1. Higher Page Rank means higher search rankings
Google probably rue the day that they included Page Rank in their toolbar.
At best, the 1 to 10 Page Rank score is just a vague indication of how Google see your site versus the other sites out there. The figures are released every few months and are a snapshot, frozen in time. They’re also rounded – if you believe that Google only gives sites a score between 1 and 10 then you probably believe in the tooth fairy as well. The real figures will be much more precise.
2. You need to register your site with Google to get indexed
Maybe this was true years ago. Nowadays, the Add URL option is a waste of time. Chances are that Google’s robot will have crawled round your site soon after your domain was registered and it will crawl round again on its own accord. The same goes for any decent search engine.
3. Your pages need to have a certain keyword density
Generally, this isn’t the case. Which is why there are such widely varying figures for what your keyword density “should” be. There isn’t a magic figure for keyword density that suddenly turns your page from rubbish to fabulous in the eyes of a search engine.
Just write your pages for real people and your keyword density will be OK.
Of course, if you’re writing content for someone else’s site then you’ll have to abide by their keyword density rules but those will only look for a maximum figure. They’re not a target to aim for!
4. Meta tags make all the difference
Years ago, yes. But then sneaky webmasters started spamming the meta tags to raise their pages in the search results.
Nowadays no self respecting search engine pays any attention to the keywords meta tag.
The meta description tag is sometimes still used but even that is getting less common as the search engines try to use a description that is gathered from the page and is relevant to the query that their user typed in.

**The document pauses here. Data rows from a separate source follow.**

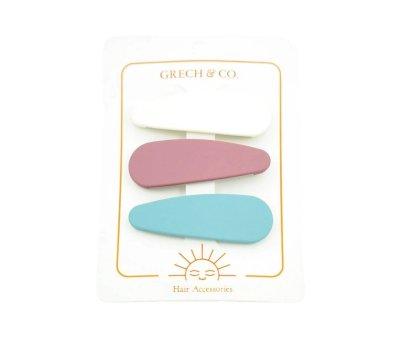 Clips para Pelo Snap Dove White/Mauve Rose/Sky Blue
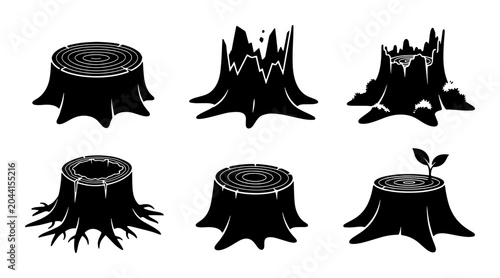 Bild auf Leinwand Set of Six Black Silhouette Tree Stumps, Forest Remnants, Wood Cutouts, Nature E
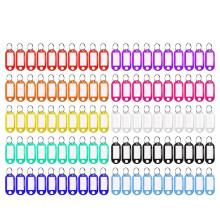 Key Ring Tags for Durable Soft Plastic, 100 Pack Plastic Key Tags with Compact Clear Design for Easy Writing Insert and Wide Applicability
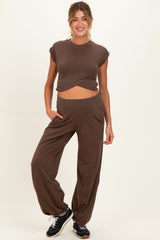Mocha Cropped Tank Pant Maternity Set
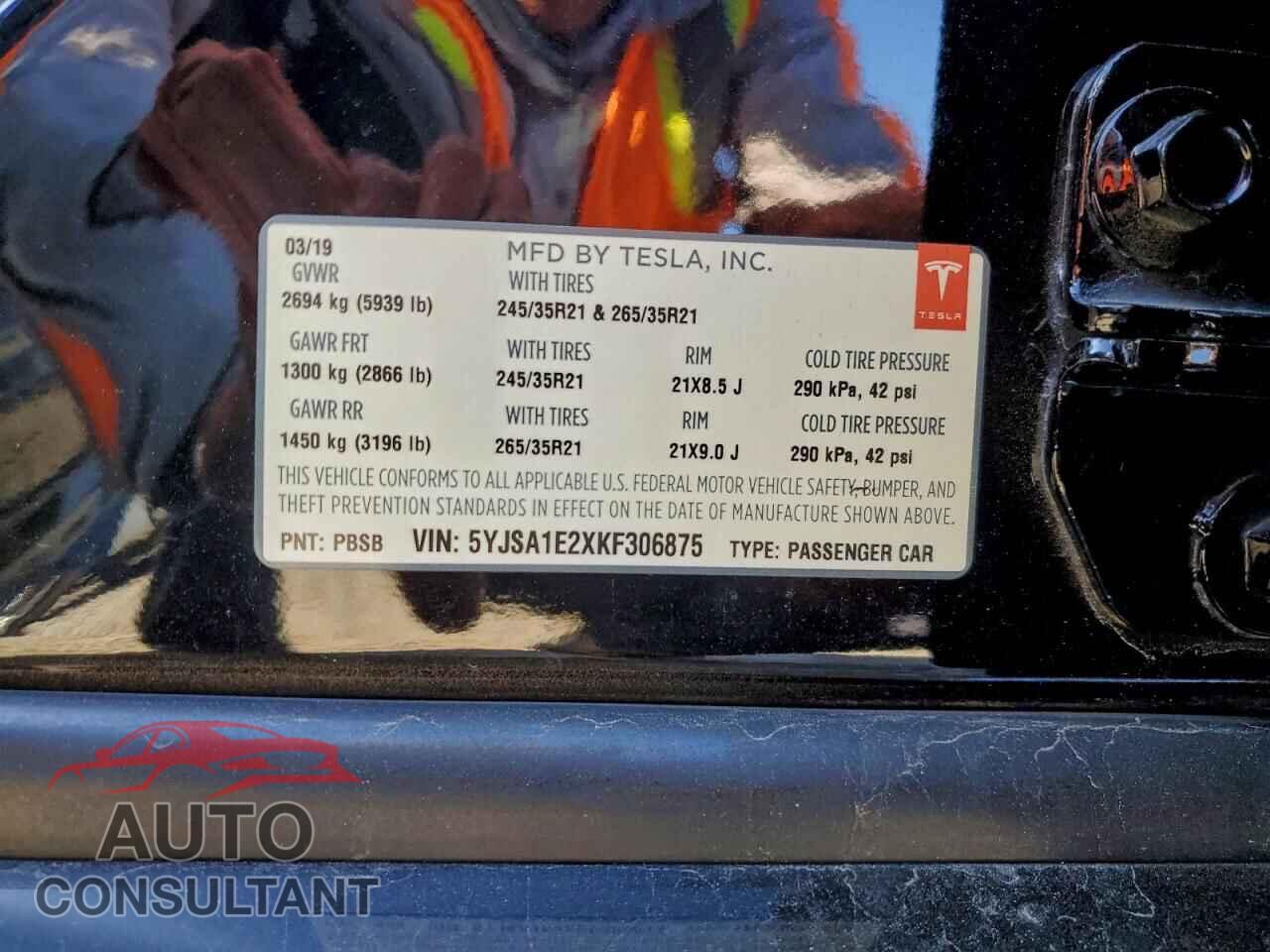 TESLA MODEL S 2019 - 5YJSA1E2XKF306875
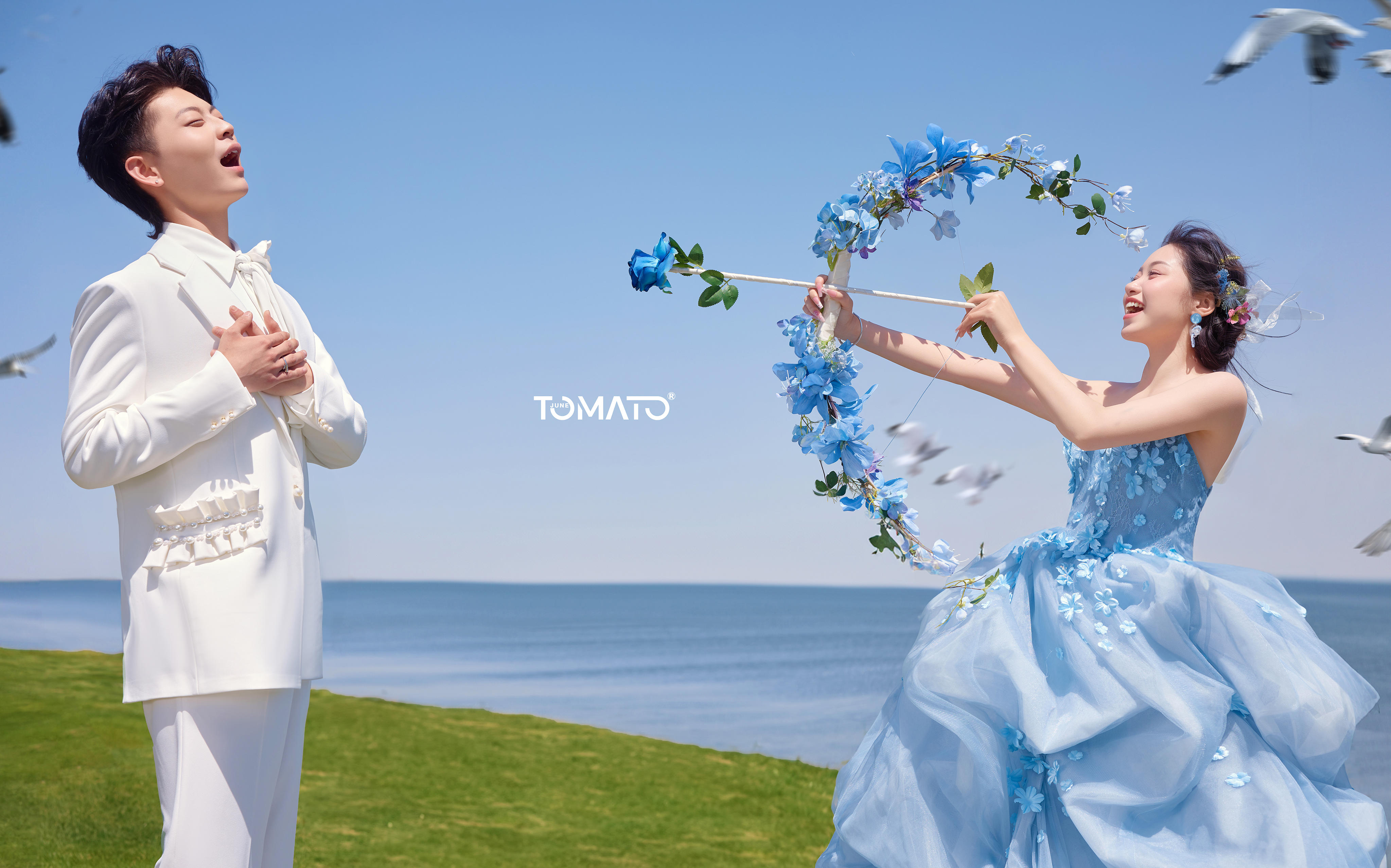 不是大理❗️不是洱海❗️太原拍蓝色花神婚纱照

5. Reciprocal links will help your search engine position
Reciprocal links are the internet’s equivalent of “I’ll scratch your back if you’ll scratch mine”. You agree to put a link to someone else’s site and, in turn, they link back to you.
Google and the other search engines are wise to this and discount this kind of link. They want you to link to sites because the site is worth linking to for reasons other than trying to artificially boost your own ranking.
6. We don’t need to use an SEO expert – we can do it in house
OK, I would put this one in!
On site SEO is mechanical and so long as you get the basics right, yes, you can do it in house. In fact, getting your pages “in order” is a good idea to help boost the rest of your search engine optimisation efforts.
But once you get past that stage, you need help from someone who knows what they are doing and who keeps abreast with all the latest developments. Otherwise it’s all too easy to go in the wrong direction and possibly get penalised in the process.